Una tragica intossicazione da monossido di carbonio ha provocato la morte di un uomo e il ferimento grave di altre cinque persone all’interno di una baita isolata situata all’Alpe Buscagna, nel territorio comunale di Baceno in Valle Devero. La vittima è il 35enne Pietro Maria Fiori, residente a Milano, il quale stava trascorrendo un periodo d’esperienza in alpeggio come volontario per conto del progetto Pasturs, una rete creata per sostenere il lavoro degli allevatori e favorire la coesistenza con i grandi predatori alpini. Nell’incidente è rimasta gravemente intossicata anche una 19enne, trasferita d’urgenza in codice rosso presso l’ospedale Niguarda di Milano, mentre altri due uomini di 62 anni e i restanti occupanti della struttura sono stati evacuati ed elitrasportati alle strutture sanitarie di Novara per i trattamenti in camera iperbarica.
Le indagini del Soccorso Alpino della Guardia di Finanza e il sequestro dell’impianto
L’allarme è scattato durante le ore notturne, quando uno dei pastori presenti nella baita dell’azienda agricola Francesco Biondo è riuscito a richiedere l’intervento dei soccorsi, giunti sul posto a piedi dopo un’ora di cammino dall’Alpe Devero.

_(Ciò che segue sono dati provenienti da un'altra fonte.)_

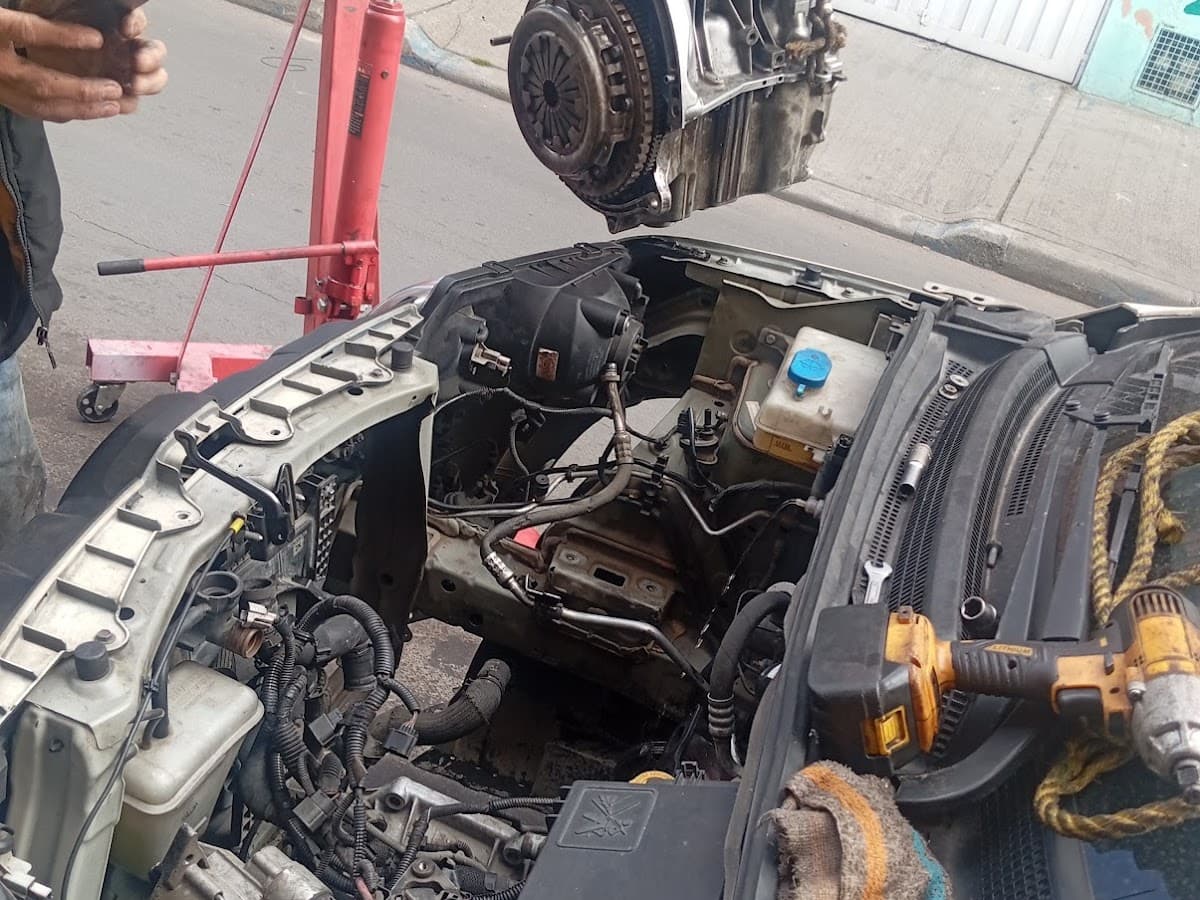 Taller Automotriz- ServiLucho — foto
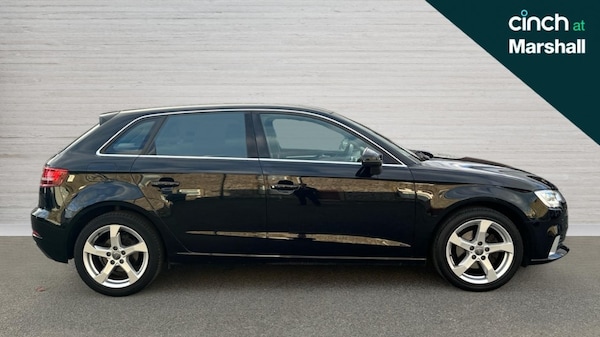 Used Audi A3 2018 for sale - 76265601: Photo 2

I rilievi e le indagini sono stati affidati ai militari del Soccorso Alpino della Guardia di Finanza di Domodossola, i quali hanno provveduto a porre sotto sequestro un boiler a gas ritenuto la causa probabile della micidiale saturazione di monossido d’carbonio. Il gruppo di sei persone, composto dai due giovani volontari, dal gestore dell’alpeggio, da suo padre e da due dipendenti, si trovava in alta quota per la gestione estiva del pascolo del bestiame.